Gigabyte S451-3R0 Storage Server Offers A Great Xeon Scalable Platform With Up To 38 Drives
Written by Michael Larabel in Computers on 4 June 2019. Page 1 of 3. 1 Comment

Since the Intel Cascade Lake launch in early April, the platform we've been using for our Xeon Platinum 8280 Linux/BSD testing has been the Gigabyte S451-3R0 Storage Server. Now having tested this Gigabyte server on a number of different Linux distributions as well as the BSDs and in an assortment of software configurations, we're quite confident in its abilities for those needing an Intel Xeon Scalable server platform that can accommodate a great deal of drives.

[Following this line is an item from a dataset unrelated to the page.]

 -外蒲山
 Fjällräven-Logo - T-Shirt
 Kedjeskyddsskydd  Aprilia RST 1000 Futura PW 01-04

Gigabyte kindly sent over the S451-3R0 as part of our Cascadelake launch testing and the first time we've tried a Gigabyte Xeon server motherboard after our good experience with Gigabyte's EPYC workstation board. The S451-3R0 supports dual Xeon Scalable 1st/2nd Gen processors, sixteen RDIMM/LRDIMM DDR4 memory modules (with compatibility for Intel Optane DC Persistent Memory), dual 10Gb/s SFP+, and dual Gigabit Ethernet ports. Making this one of their flagship storage products, this 4U barebones server can handle thirty-six 3.5-inch SATA/SAS drive bays and two 2.5-inch SATA SSD bays for the boot device.

The Gigabyte S451-3R0 comes equipped with dual 1200 Watt 80 PLUS Platinum redundant power supplies. The Gigabyte motherboard used by this barebones server platform is the MD61-SC2. The Gigabyte MD61-SC2 employs an Aspeed AST2500 BMC, two U.2 PCIe Gen3 x4 interfaces, and four PCI Express Gen3 expansion slots.

Included with the S451-3R0 is a rail mounting kit, two CPU heatsinks (25ST1-353105-T1R), and the dual 1200 Watt power supplies. There is also an option for upgrading the power supplies to 1600 Watts if wanting to run 205 Watt TDP Xeon processors otherwise with the 1200W PSUs the stock rating is for 165 Watt CPUs. I was using the 205 Watt Xeon Platinum 8280 processors without issue using the 1200 Watt power supplies, but then again I wasn't using the server configuration with fully maxed out storage, etc.